*** Opening of Supplied information ***
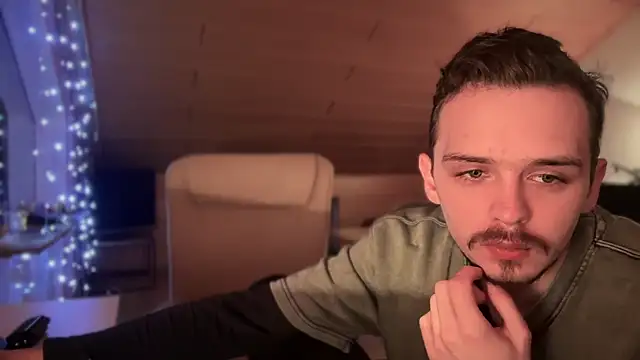 naked psy online show from January 2025 04:00:01 AM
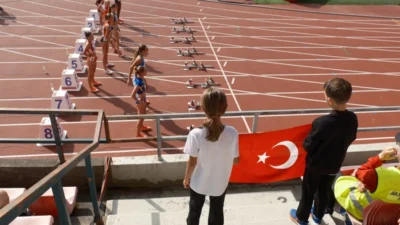 Türkiye Atletizm Federasyonu iş birliği ile çocukları spora teşvik etmek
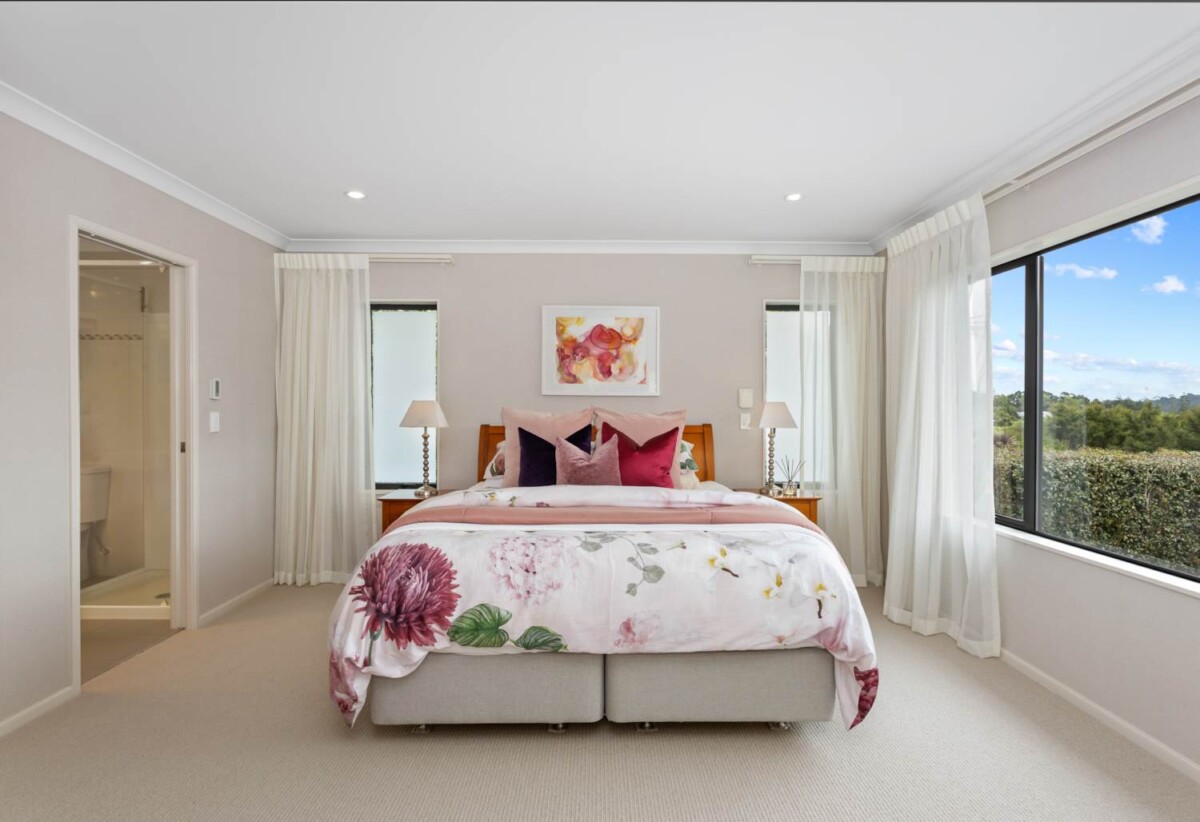 5 beds 3 baths house with triple garage on 809m2 flat section, backing directly onto a peaceful reserve, close to schools, reserves, Albany Mall, motorway access, 0.5 km to Albany Junior High School, 1.1 km to Upper Harbour Primary School, 2.5 km to Albany Senior High School, 44 Laurel Oak Drive, Albany, Auckland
*** Close of Supplied information ***
**Assignment:** Your copy should hold exactly the lines from the one that contains "Türkiye Atletizm Federasyonu" through the final line of the data, both ends included, and no pictures.

**Result of this exercise:**
 Türkiye Atletizm Federasyonu iş birliği ile çocukları spora teşvik etmek
 5 beds 3 baths house with triple garage on 809m2 flat section, backing directly onto a peaceful reserve, close to schools, reserves, Albany Mall, motorway access, 0.5 km to Albany Junior High School, 1.1 km to Upper Harbour Primary School, 2.5 km to Albany Senior High School, 44 Laurel Oak Drive, Albany, Auckland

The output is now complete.